Severe work hardening is a principal aspect of turning NiTi SMAs, and it has an adverse effect on the shape memory effect and pseudoelasticity [13]. As an indicator of the degree of work hardening, microhardness is an integral part of surface integrity. The microhardness on the subsurface is shown in Fig. 10. The microhardness of the as-received sample was 280 HV. The maximum micro-hardness value was 385 HV at a cutting speed of 15 m/min. It is clear that the degree of work hardening is lower at high cutting speeds than that at low cutting speeds, and the depths of the work-hardening layers are 115 μm and 145 μm at 15 m/min and 145 m/min, respectively.
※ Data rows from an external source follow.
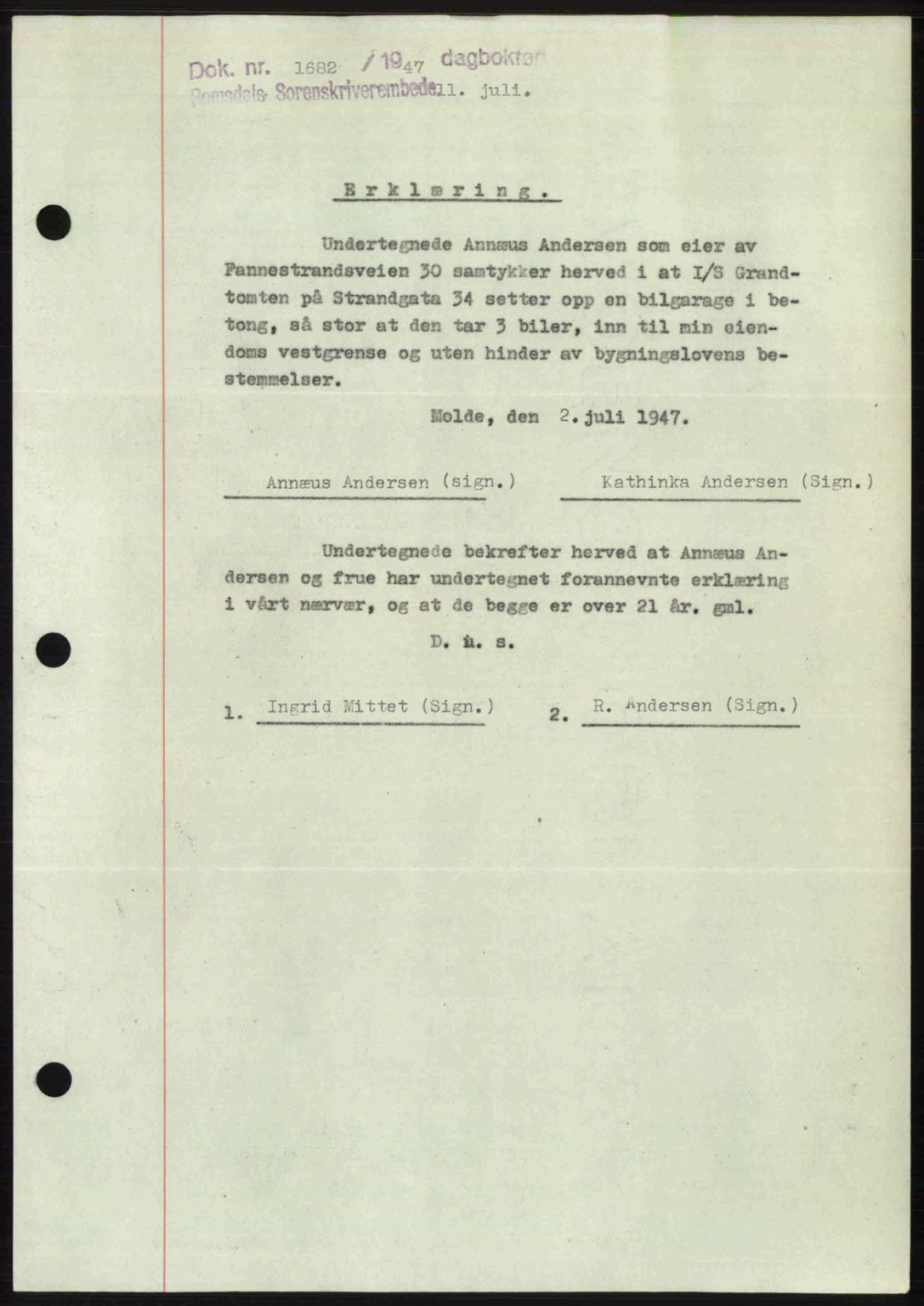 Romsdal sorenskriveri, AV/SAT-A-4149/1/2/2C: Mortgage book no. A23, 1947-1947, Diary no: : 1682/1947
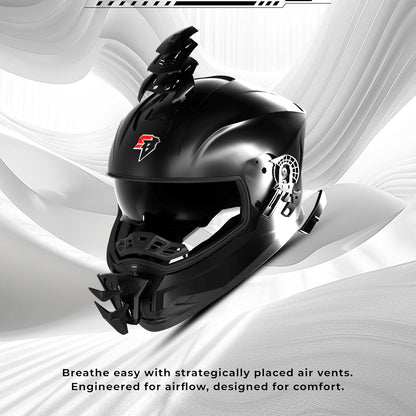 Steelbird SBH-57 Fighter Glossy Black ISI and DOT Certified with Inner Chrome Sun Shield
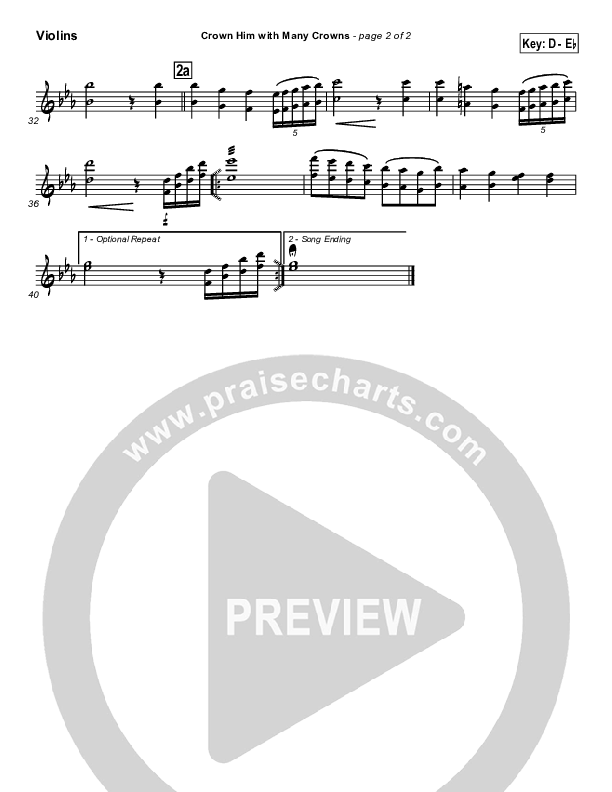 Crown Him With Many Crowns Violins (Traditional Hymn / PraiseCharts)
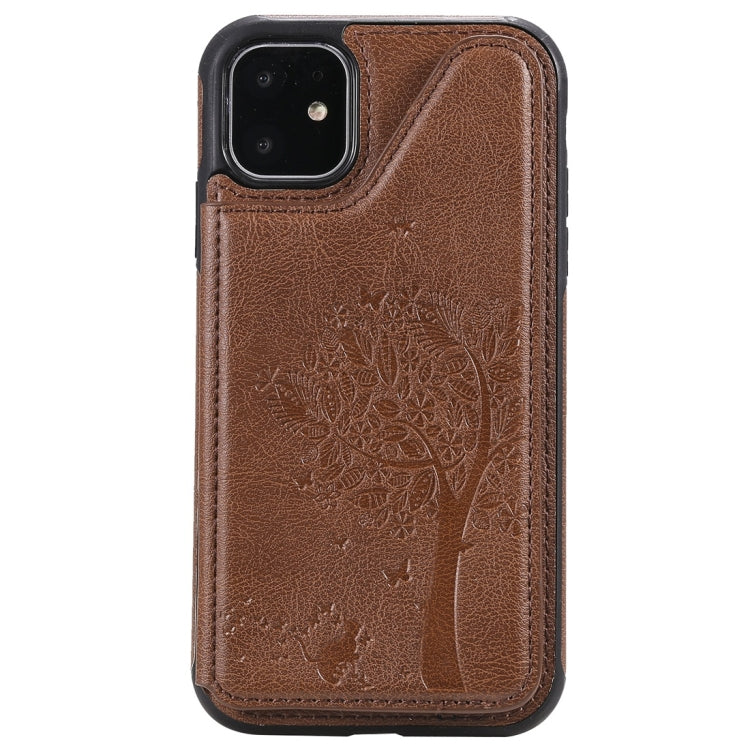 For iPhone 11 Cat Tree Embossing Pattern Shockproof Protective Case with Card Slots & Photo Frame(Brown) - iPhone 11 Cases by buy2fix | Online Shopping UK | buy2fix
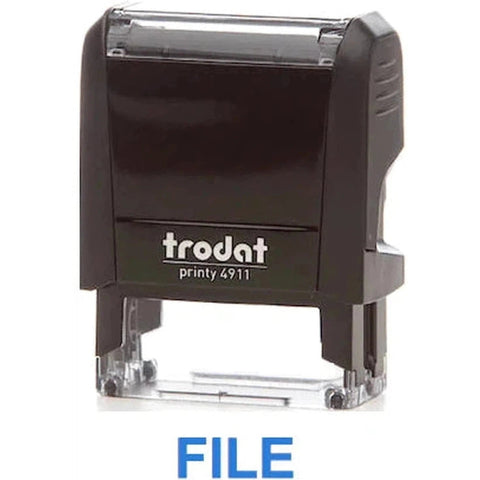 Trodat Printy 4911 Stamp "File" - Blue ColorWaves
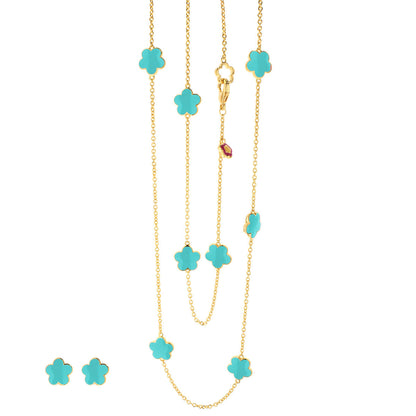 Daisy Love Necklace Set by Lauren G Adams: gold-tone chains with turquoise clover charms on Tampa Home & Garden Store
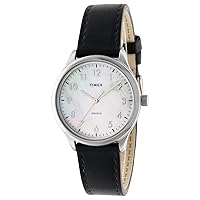 Timex TW2W15900 Women's Stainless Steel Quartz 32MM US Watch Wristwatch Brand Black, Pearl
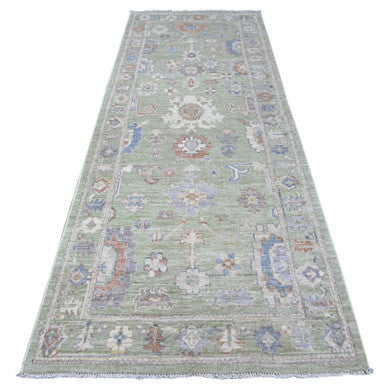 Oushak And Peshawar Wool Hand Knotted Rug Green Green 3.11X10.1 -O089289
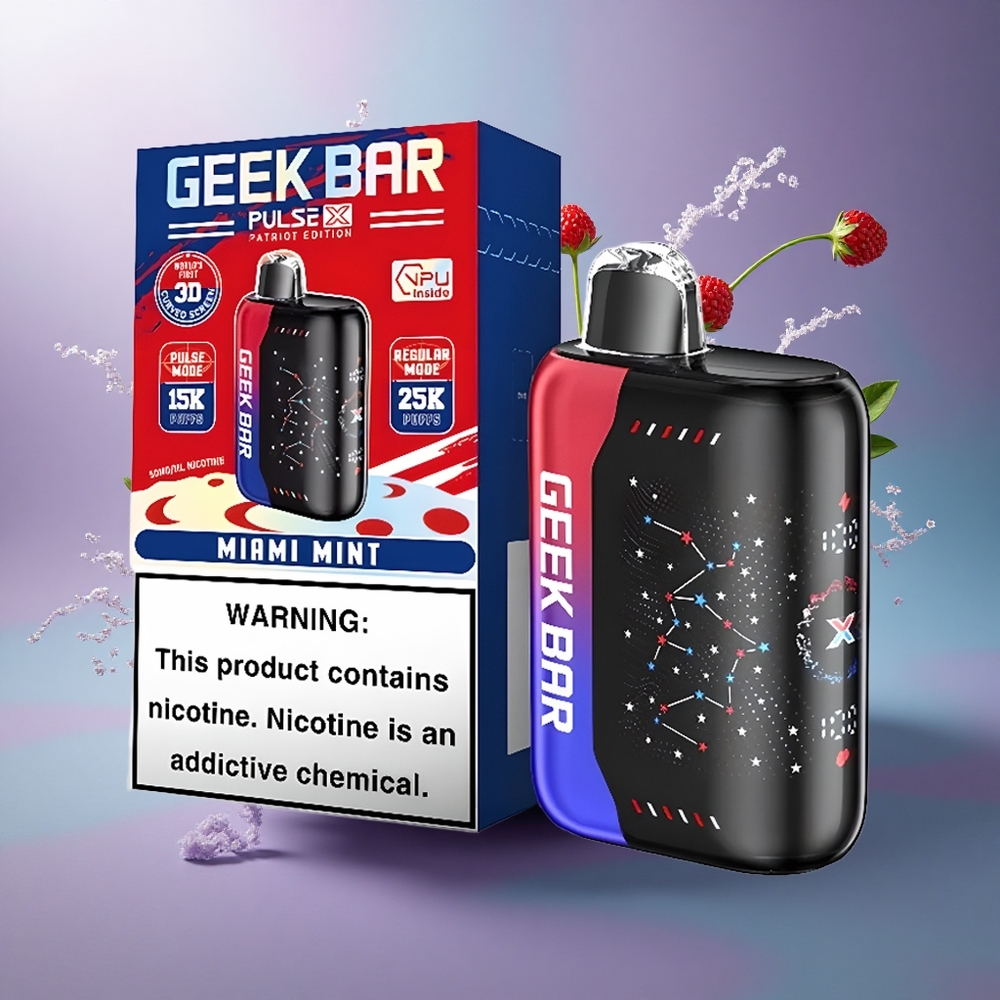 GEEK BAR Pulse X 25000 Puffs Edição Patriota com Tela Curva 3D e Nicotina 0-5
Plastic deformation leading to work hardening, together with the mechanical and thermal effects are essential factors that affect plastic deformation [42]. The mechanical hardening effect was greater than the thermal softening effect at 15 m/min. In comparison, the thermal softening effect exceeds the work hardening at 125 m/min because a high cutting speed triggers a high temperature. Consequently, the degree of work hardening was higher at 15 m/min than at 125 m/min.

Fig. 10
figure 10

Microhardness on the subsurface

4 Conclusions

Surface and sub-surface characteristics are closely related to the fatigue, friction, and corrosion properties of the workpiece. The relative parameters of the phase influence the shape memory effect and pseudoelasticity of NiTi SMAs. These parameters are all affected by machining. Therefore, the surface integrity of machined samples after dry turning them on NiTi SMAs was analyzed in this work, and the conclusions drawn from these investigations are as follows.

  1. (i)

    Mechanical effect is the dominant factor that influences surface integrity at low cutting speeds while thermal effect is the dominant factor at high cutting speeds.

  2. (ii)

    Turning at a speed of 125 m/min achieves a lower surface roughness of 0.3 μm. The influence of that turning speed on the phase state and phase transformation is negligible, which means that it has an insignificant effect on the functional properties of NiTi SMAs.

  3. (iii)

    There were more dislocations and defects in the machined samples after turning at a speed of 15 m/min, leading to low surface characteristics and changes in phase characteristics.

  4. (iv)

    Work hardening is more significant at low cutting speeds than at high cutting speeds. Considering surface integrity, a high cutting speed of 125 m/min is the appropriate cutting speed in this study.